Benefícios concedidos pelo governo federal permitirão que 40 setores passem a recolher a contribuição previdenciária sobre o faturamento

Outra decisão governamental que deverá afetar as contas da Previdência Social é a desoneração da folha de pagamento de 40 setores da economia. Destes, 15 já entraram em vigor em junho, e para os outros 25 iniciará em 2013. Essas indústrias deixarão de pagar 20% de contribuição previdenciária sobre a folha de pagamento e passarão a recolher entre 1% e 2% sobre o faturamento.

O governo condicionou as medidas à manutenção dos postos de trabalho desses segmentos econômicos, que representam 13% do emprego formal do País, 16% da massa salarial do setor formal e 59% das exportações de manufaturados. No entanto, para a Previdência, as desonerações vão representar uma perda de arrecadação de R$ 12,83 bilhões em 2013. Essa perda de receita é resultado da diferença entre os R$ 21,57 bilhões que deixarão de ser arrecadados com a contribuição previdenciária e os R$ 8,74 bilhões que serão recolhidos com a cobrança sobre o faturamento. Até 2016, a desoneração chegará a R$ 60 bilhões.

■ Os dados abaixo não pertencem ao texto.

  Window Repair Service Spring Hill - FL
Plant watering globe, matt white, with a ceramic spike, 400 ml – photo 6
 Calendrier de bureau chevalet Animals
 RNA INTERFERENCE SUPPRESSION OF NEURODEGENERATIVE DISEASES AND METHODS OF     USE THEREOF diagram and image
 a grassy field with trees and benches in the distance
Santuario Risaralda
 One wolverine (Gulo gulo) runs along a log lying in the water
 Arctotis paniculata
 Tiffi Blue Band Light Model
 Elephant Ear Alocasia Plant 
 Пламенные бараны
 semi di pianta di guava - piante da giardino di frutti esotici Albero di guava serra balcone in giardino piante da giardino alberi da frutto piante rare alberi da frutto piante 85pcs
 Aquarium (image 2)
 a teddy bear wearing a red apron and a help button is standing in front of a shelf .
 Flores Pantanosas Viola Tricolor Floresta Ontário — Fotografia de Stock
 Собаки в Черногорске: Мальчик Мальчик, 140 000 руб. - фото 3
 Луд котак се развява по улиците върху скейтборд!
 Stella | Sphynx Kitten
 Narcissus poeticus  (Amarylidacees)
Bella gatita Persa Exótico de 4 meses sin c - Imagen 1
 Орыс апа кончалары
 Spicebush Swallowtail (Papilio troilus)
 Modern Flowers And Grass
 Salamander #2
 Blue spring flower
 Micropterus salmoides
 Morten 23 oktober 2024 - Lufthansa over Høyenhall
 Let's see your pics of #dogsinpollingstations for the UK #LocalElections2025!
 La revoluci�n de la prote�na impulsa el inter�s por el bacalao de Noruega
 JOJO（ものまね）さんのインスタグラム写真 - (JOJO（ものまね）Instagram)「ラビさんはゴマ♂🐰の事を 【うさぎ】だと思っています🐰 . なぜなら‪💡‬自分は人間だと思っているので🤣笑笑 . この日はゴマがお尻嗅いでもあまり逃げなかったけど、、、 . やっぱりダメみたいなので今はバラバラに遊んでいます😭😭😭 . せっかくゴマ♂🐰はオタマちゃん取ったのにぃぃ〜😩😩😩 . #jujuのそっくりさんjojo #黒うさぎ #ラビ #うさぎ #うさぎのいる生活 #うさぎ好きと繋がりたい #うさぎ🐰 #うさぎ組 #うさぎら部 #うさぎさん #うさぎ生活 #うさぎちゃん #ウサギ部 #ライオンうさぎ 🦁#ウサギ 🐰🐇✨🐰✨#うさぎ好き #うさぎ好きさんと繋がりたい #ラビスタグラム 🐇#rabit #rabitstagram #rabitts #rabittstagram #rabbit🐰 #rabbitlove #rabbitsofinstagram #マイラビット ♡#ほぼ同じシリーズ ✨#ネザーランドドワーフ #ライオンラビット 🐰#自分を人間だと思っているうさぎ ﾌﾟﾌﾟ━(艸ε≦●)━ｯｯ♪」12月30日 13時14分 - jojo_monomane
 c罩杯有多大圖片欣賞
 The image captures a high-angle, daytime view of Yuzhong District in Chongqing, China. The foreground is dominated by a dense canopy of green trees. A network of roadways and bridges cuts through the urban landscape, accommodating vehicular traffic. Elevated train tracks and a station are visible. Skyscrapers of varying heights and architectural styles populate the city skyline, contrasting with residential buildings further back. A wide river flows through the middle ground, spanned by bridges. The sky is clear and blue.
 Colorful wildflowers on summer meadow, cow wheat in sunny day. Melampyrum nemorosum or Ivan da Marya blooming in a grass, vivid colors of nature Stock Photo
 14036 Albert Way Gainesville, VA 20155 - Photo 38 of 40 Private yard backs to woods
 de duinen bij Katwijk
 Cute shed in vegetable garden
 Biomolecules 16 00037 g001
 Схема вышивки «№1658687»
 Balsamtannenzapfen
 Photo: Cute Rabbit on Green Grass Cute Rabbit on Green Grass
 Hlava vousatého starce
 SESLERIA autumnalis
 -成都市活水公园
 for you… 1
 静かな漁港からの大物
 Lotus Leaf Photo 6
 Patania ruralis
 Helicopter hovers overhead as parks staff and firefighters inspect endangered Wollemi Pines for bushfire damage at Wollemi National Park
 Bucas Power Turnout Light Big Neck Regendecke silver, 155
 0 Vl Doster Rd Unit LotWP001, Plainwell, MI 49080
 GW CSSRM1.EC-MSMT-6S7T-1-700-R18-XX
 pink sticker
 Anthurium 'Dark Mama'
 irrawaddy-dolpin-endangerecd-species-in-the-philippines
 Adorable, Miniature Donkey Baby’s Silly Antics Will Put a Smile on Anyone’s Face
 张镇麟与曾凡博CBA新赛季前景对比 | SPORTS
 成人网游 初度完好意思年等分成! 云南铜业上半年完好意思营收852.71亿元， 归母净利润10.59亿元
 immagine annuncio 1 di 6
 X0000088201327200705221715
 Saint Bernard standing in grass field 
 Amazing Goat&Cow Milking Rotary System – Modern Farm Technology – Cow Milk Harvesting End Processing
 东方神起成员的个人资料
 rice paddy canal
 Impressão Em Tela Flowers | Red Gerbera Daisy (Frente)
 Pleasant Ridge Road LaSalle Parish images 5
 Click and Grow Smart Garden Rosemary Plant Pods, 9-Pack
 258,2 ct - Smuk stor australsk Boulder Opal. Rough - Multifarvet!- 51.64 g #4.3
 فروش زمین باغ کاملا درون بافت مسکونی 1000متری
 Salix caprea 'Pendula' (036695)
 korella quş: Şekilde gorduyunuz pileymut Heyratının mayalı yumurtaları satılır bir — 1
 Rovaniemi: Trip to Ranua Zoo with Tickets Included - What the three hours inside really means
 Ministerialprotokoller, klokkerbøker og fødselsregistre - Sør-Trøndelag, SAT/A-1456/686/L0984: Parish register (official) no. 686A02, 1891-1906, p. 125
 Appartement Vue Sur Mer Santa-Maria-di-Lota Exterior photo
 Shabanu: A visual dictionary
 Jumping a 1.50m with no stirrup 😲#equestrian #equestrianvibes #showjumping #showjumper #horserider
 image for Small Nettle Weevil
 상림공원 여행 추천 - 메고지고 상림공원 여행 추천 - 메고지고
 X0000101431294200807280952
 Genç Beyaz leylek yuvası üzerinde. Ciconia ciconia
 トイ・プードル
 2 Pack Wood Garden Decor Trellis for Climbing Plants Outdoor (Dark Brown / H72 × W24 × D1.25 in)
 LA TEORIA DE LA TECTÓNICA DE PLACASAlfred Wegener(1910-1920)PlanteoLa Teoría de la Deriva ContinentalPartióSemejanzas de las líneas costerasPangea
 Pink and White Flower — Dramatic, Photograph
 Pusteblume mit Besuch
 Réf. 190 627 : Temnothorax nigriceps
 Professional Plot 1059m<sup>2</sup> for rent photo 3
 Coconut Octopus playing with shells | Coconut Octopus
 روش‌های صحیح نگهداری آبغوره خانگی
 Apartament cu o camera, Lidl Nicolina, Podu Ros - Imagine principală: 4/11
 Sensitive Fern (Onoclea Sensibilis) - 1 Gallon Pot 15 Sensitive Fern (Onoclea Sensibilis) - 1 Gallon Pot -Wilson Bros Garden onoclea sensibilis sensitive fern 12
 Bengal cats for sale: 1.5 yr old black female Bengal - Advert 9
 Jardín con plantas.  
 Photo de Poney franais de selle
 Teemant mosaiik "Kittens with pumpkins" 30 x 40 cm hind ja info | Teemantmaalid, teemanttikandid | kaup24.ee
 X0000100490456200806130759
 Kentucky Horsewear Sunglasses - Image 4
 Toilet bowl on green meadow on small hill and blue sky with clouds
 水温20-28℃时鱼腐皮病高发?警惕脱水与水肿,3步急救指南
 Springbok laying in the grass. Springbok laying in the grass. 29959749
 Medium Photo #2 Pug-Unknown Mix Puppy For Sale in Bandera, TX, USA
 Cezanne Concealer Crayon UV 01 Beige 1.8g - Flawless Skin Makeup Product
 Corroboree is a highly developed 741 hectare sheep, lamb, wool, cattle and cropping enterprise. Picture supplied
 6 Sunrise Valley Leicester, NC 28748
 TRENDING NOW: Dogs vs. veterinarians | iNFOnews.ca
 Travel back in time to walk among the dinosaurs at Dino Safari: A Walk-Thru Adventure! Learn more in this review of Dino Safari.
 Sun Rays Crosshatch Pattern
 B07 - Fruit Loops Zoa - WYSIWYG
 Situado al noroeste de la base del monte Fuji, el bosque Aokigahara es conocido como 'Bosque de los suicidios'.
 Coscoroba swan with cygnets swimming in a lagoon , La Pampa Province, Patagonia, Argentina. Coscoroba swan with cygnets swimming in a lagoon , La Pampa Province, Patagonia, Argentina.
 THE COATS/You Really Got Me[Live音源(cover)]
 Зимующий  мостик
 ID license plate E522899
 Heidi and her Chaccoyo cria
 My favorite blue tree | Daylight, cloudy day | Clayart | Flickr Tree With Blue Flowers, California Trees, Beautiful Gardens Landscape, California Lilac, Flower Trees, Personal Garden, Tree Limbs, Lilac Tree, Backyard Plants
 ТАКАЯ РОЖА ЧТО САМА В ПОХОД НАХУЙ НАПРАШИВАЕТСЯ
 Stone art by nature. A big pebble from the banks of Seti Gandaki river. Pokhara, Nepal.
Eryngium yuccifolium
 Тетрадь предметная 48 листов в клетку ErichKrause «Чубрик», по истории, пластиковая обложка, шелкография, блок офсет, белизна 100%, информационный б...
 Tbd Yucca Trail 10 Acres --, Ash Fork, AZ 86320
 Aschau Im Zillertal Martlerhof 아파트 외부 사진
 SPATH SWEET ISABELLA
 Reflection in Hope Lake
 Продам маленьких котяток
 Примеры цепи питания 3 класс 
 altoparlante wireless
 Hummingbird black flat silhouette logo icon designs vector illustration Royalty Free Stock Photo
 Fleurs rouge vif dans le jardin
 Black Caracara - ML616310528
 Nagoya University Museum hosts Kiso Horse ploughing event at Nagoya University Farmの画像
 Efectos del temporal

No entanto, para o Instituto Brasileiro de Direito Previdenciário (IBDP), a medida é incoerente, pois incide no déficit da previdência. “Se o governo sustenta haver déficit na previdência não se justifica abrir mão de arrecadação previdenciária”, explica a presidente do IBDP, Jane Berwanger. “Não há garantia de que os valores que deixarão de ser arrecadados serão realmente repassados pelo Tesouro para a conta do Regime Geral de Previdência Social.”

A falta dos recursos recolhidos pelos setores beneficiados com a desoneração já está afetando as contas do governo. Em setembro, segundo dados do Regime Geral da Previdência Social (RGPS), houve déficit de R$ 5 bilhões no setor urbano, o pior resultado desde 2007 e o segundo saldo mais baixo para o mês na série histórica. O saldo negativo foi o resultado de R$ 26,1 bilhões em gastos, contra R$ 21,1 bilhões com arrecadação. De acordo com a Previdência, em grande parte o déficit foi causado pelo impacto das políticas de desoneração da folha de pagamentos das empresas, que ainda não foram compensadas pelo Tesouro Nacional.

O secretário de Políticas da Previdência do Ministério da Previdência Social, Leonardo Rolim, estima que a compensação será de aproximadamente R$ 4,2 bilhões. “Quando for feita a contabilização, teremos resultado bem positivo. Não teríamos tido um resultado pior em relação ao mesmo mês do ano passado, mas melhor. O padrão positivo que vem sendo mantido desde 2010 teria sido verificado também em setembro”, argumenta.

Para a presidente do IBDP, as soluções encontradas para diminuir o déficit sempre recaem sobre a redução de direitos do trabalhador. “Não adianta desonerar alguns setores para estimular a economia do País, se quem pagará a conta será o segurado da previdência social.” Jane também critica a compensação da perda de arrecadação previdenciária com recursos do Tesouro. “A conta da desoneração volta para o bolso do trabalhador. São os impostos que ele paga que cobrirão o rombo na previdência.”